Assignment: Transcribe the records in full; omit images.

Exercise inputs:
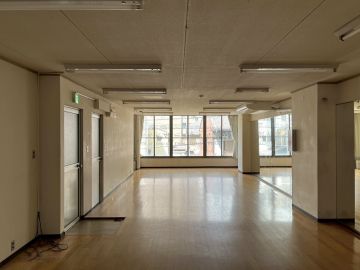 京都市中京区式阿弥町122-1の賃貸物件/レトロビルでShall we ダンス？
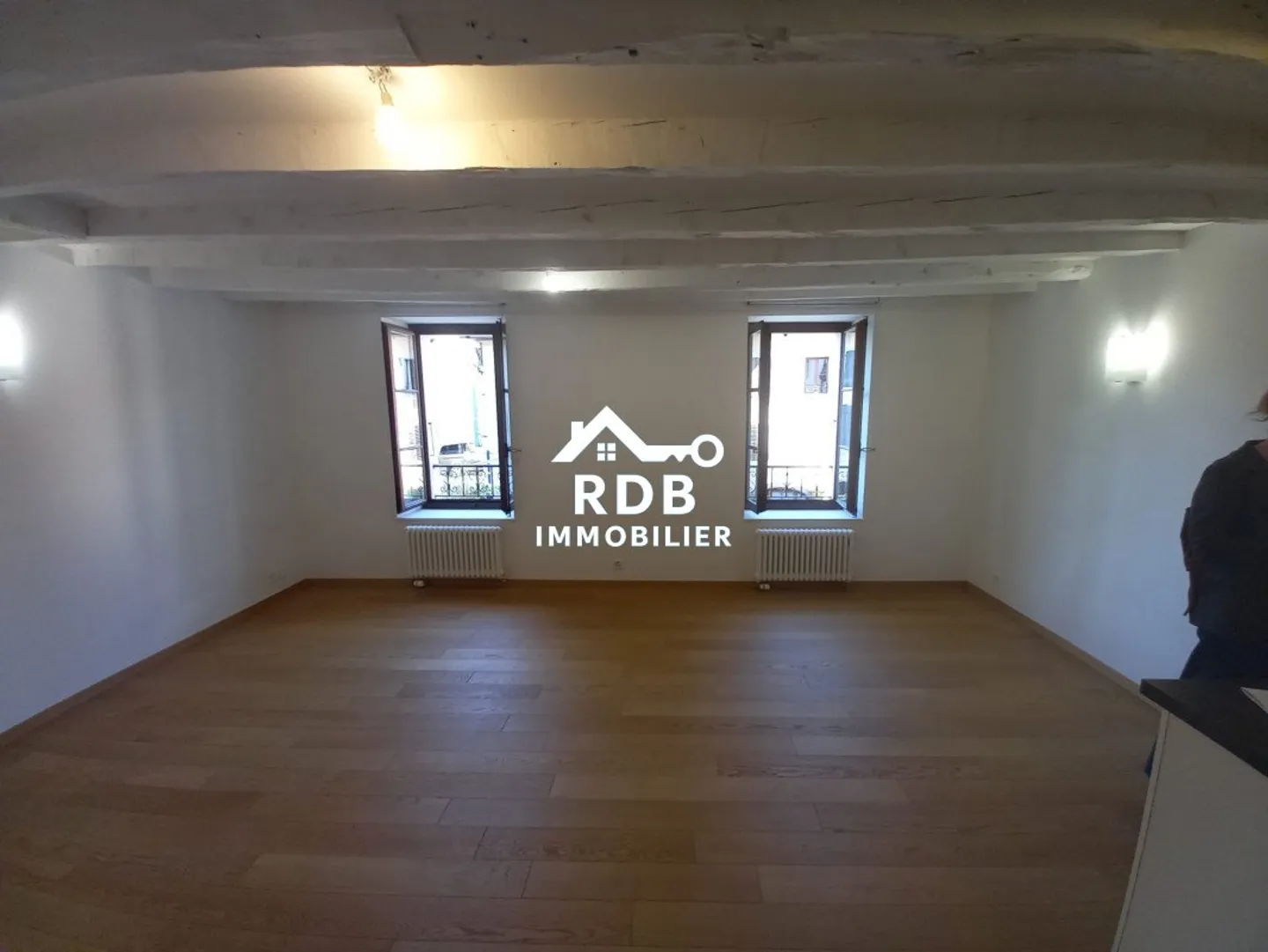 2,5-Zimmer-Wohnung im 1. Stock ohne Aufzug in Chêne-Bourg 1225 - Foto 2 von 8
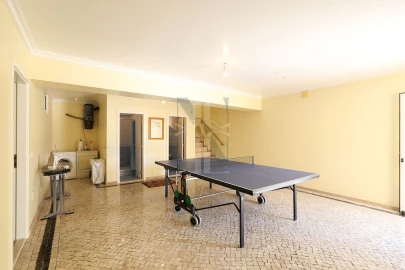 Moradia T4 para Venda em Valado dos Frades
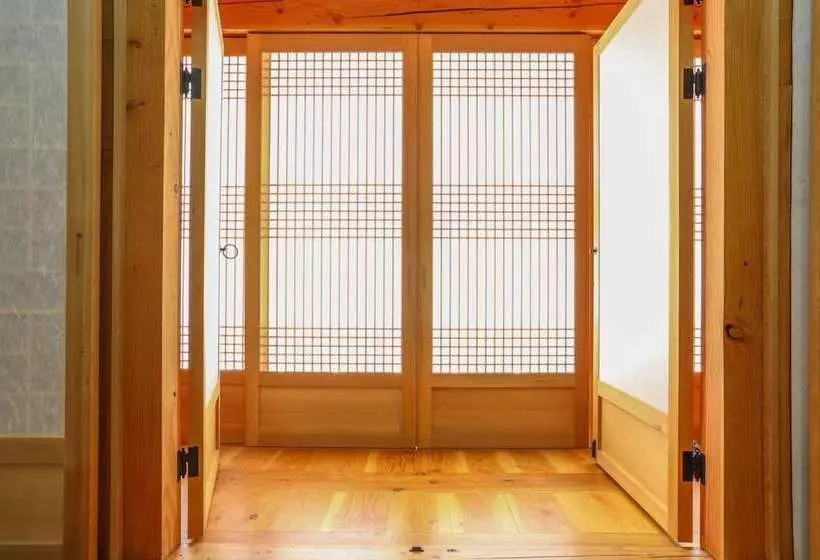 Gyeongju Namu Hanok Pension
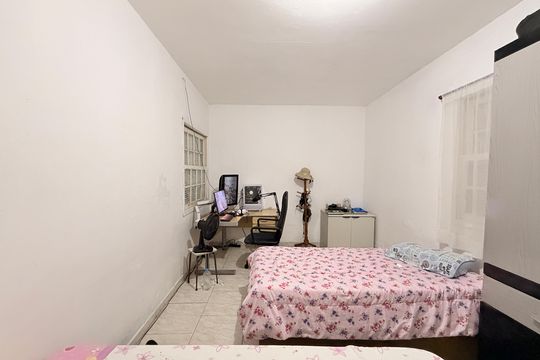 Casa à venda com 2 quartos, 80m² em Vila Rio Branco, Jundiaí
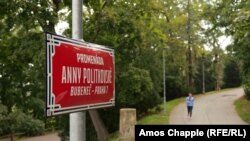 Žena trči na šetalištu Ane Politikovskaje blizu ruske ambasade u Pragu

Answer space:
 京都市中京区式阿弥町122-1の賃貸物件/レトロビルでShall we ダンス？
 2,5-Zimmer-Wohnung im 1. Stock ohne Aufzug in Chêne-Bourg 1225 - Foto 2 von 8
 Moradia T4 para Venda em Valado dos Frades
 Gyeongju Namu Hanok Pension
 Casa à venda com 2 quartos, 80m² em Vila Rio Branco, Jundiaí
 Žena trči na šetalištu Ane Politikovskaje blizu ruske ambasade u Pragu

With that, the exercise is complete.